Вода за кормой забурлила, и китобоец, подминая под себя волну, ринулся вперед. Но Кнудсен снова поднял руку.

— Самый полный вперед! — почти рыча, прокричал в переговорную трубку Кирибеев.

Китобоец несся как на крыльях. Кашалот, контуженный выстрелом, сохранял, казалось, полное безразличие к нашей погоне.

Когда расстояние между китобойцем и кашалотом сократилось на дистанцию выстрела, Кнудсен попросил застопорить ход. «Тайфун», как разгоряченный конь, задрожал, разведенная им волна подкинула его чуть–чуть вперед. Кнудсен сжался, как пружина, и навел пушку, целясь в сердце кита. Грянул выстрел, вслед за ним раздался легкий свист: гарпун, таща за собой толстый линь, словно удав, кинулся вперед и впился в мощную спину кита. Сердце мое было готово выпрыгнуть от радости. Пораженный гарпуном, кашалот застыл на месте, затем вдруг как бы очнулся и резко бросился вперед. В это время внутри кита взорвалась граната. Он рванулся и стал кидаться из стороны в сторону. Линь с присвистом пошел вперед. Прошло, вероятно, не более минуты, линь натянулся, словно струна, и кашалот потащил за собой китобоец. Кнудсен распорядился «потравить» еще линя, но кашалот быстро натянул его и опять потащил нас. Потом он на секунду остановился и пустил огромный кровавый фонтан. Олаф Кнудсен и Чубенко быстро заряжали пушку для добойного выстрела, но раненый кит, мучимый болью, завертелся и начал то нырять, то выныривать, наматывая на себя линь.

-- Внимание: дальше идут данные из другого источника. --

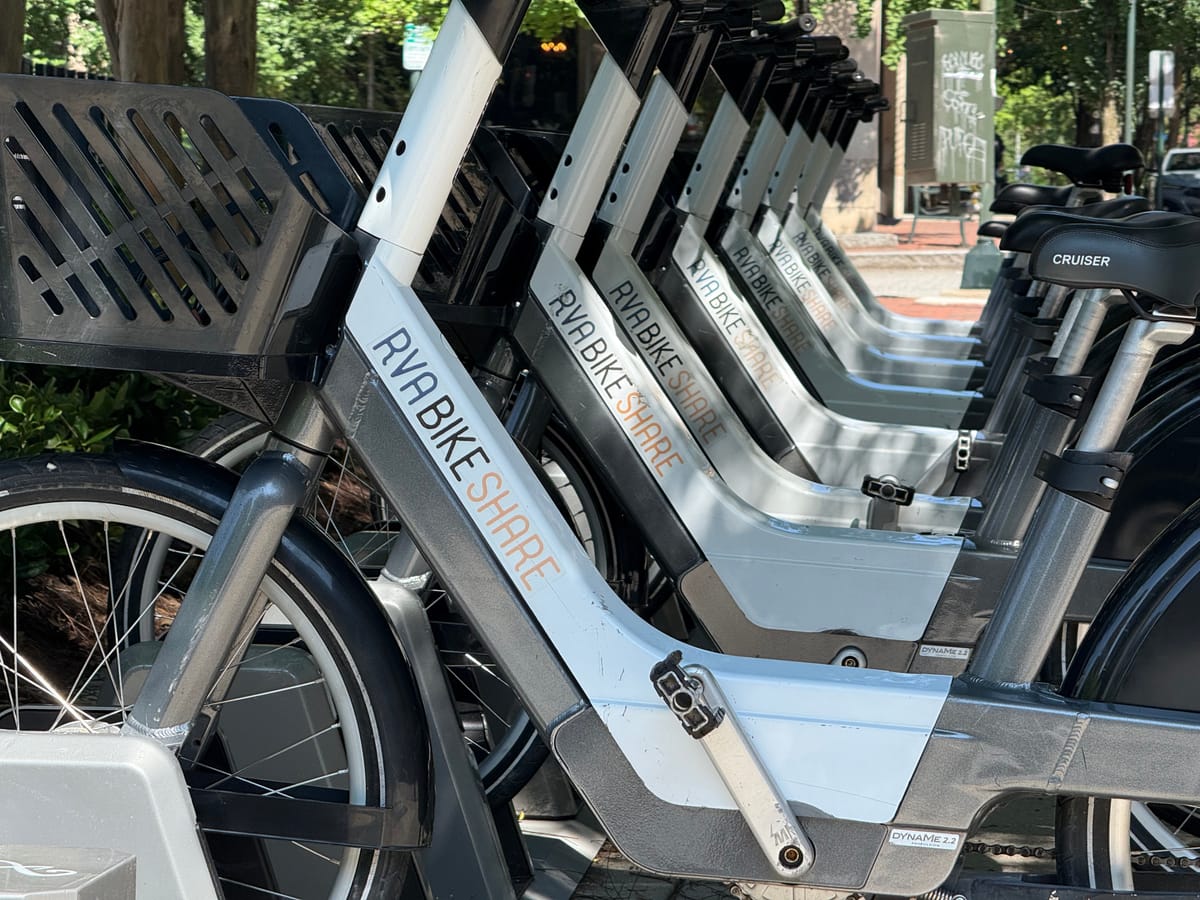 RichmonderNews's tweet card. The city pays about $200,000 each year to operate the bike share program, while e-scooters bring in about $168,000 in revenue.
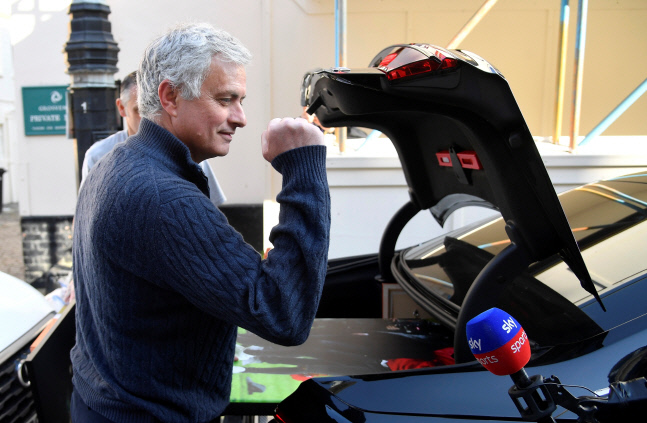 SOCCER-ENGLAND-MOURINHO/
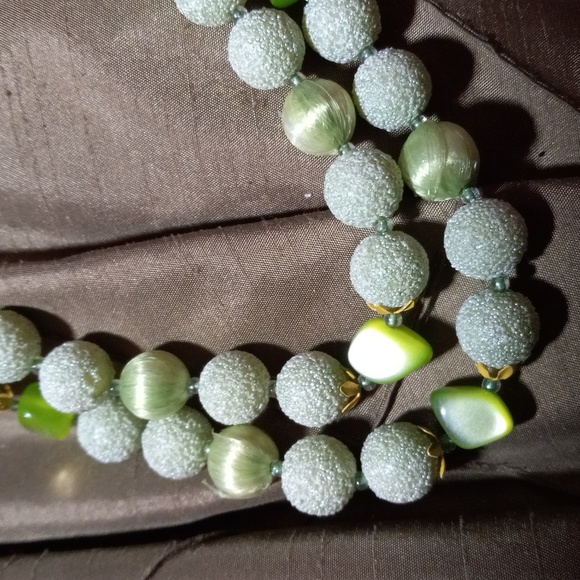 L-9 lot double strand necklace - Picture 4 of 4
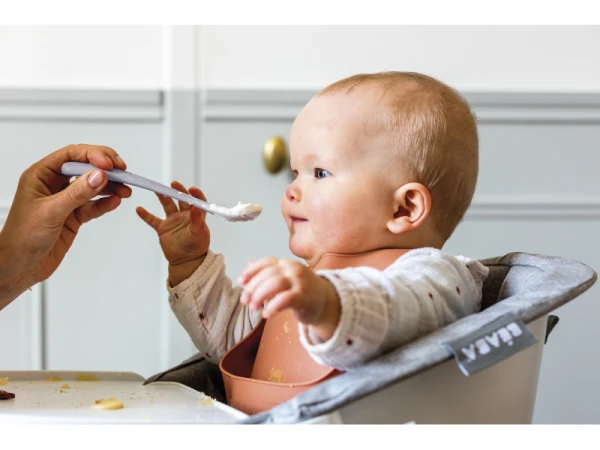 Prvé lyžičky silikónové 2 ks s puzdrom Pebble Green 4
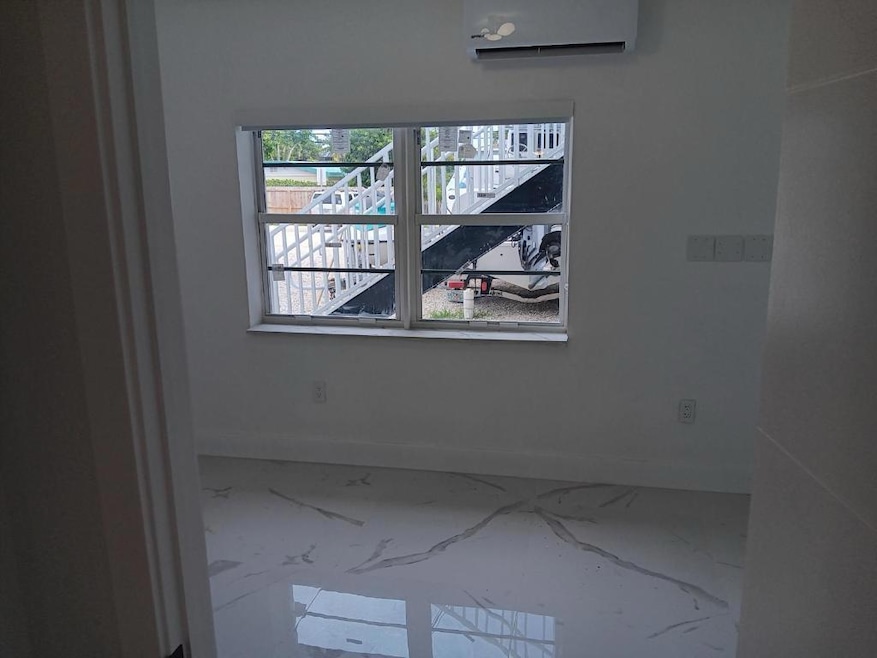 91865 Overseas Hwy unit 109, Tavernier, FL 33070 - photo 1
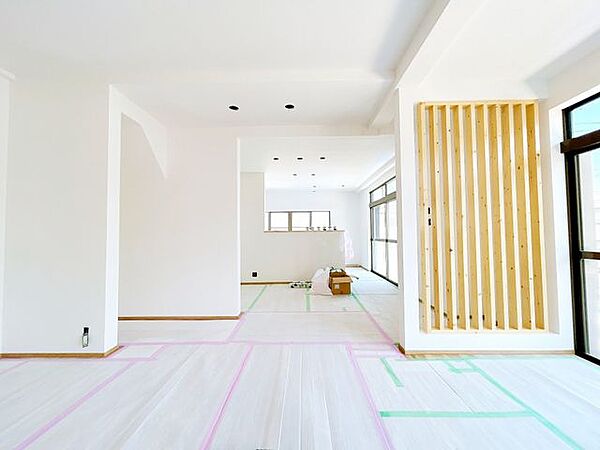【リフォーム中】8/3撮影。1階洋室です。こちらはリビングの一角となり、キッチンを設置いたします。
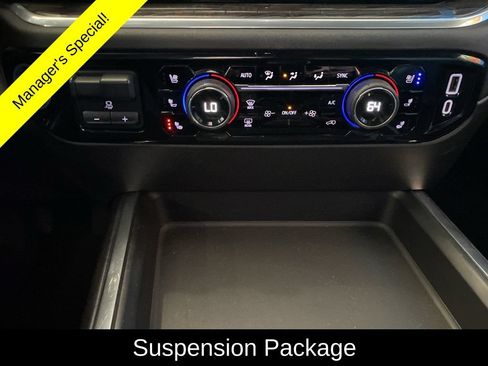 Used 2025 Chevrolet Silverado 2500 LTZ w/ LTZ Convenience Package AWD/4WD image 7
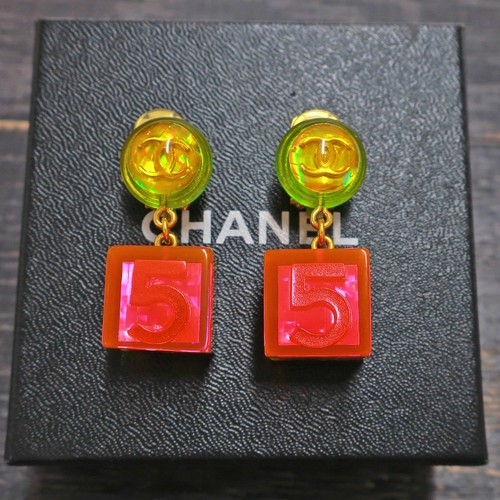 Chanel gold plated - chanel, plastic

Олаф Кнудсен, слегка побледнев, стал быстро что–то говорить капитану Кирибееву, сопровождая свою речь жестами. Я понял, что судну грозит опасность. Во время агонии кашалот может выпрыгнуть из воды и опрокинуться на китобоец.

По команде Кнудсена Кирибеев давал то задний, то передний ход, то полный, то малый либо стопорил машину.

К счастью, кашалот вдруг затих; пасть его раскрылась, и он отрыгнул пищу. Кнудсен воспользовался этим моментом, подвел «Тайфун» к кашалоту и с ходу дал выстрел. Второй гарпун врезался в тело спермуэла рядом с первым.

Все разом облегченно вздохнули. Но радость оказалась преждевременной: второй гарпун не кончил дела, а как бы придал новые силы кашалоту. Резким рывком он кинулся вперед. И опять лини стали разматываться с ужасающей быстротой, опять загудели ролики и блоки амортизаторов. Кашалот метался из стороны в сторону. Когда лини вытравились до конца, он снова потащил китобоец на буксире.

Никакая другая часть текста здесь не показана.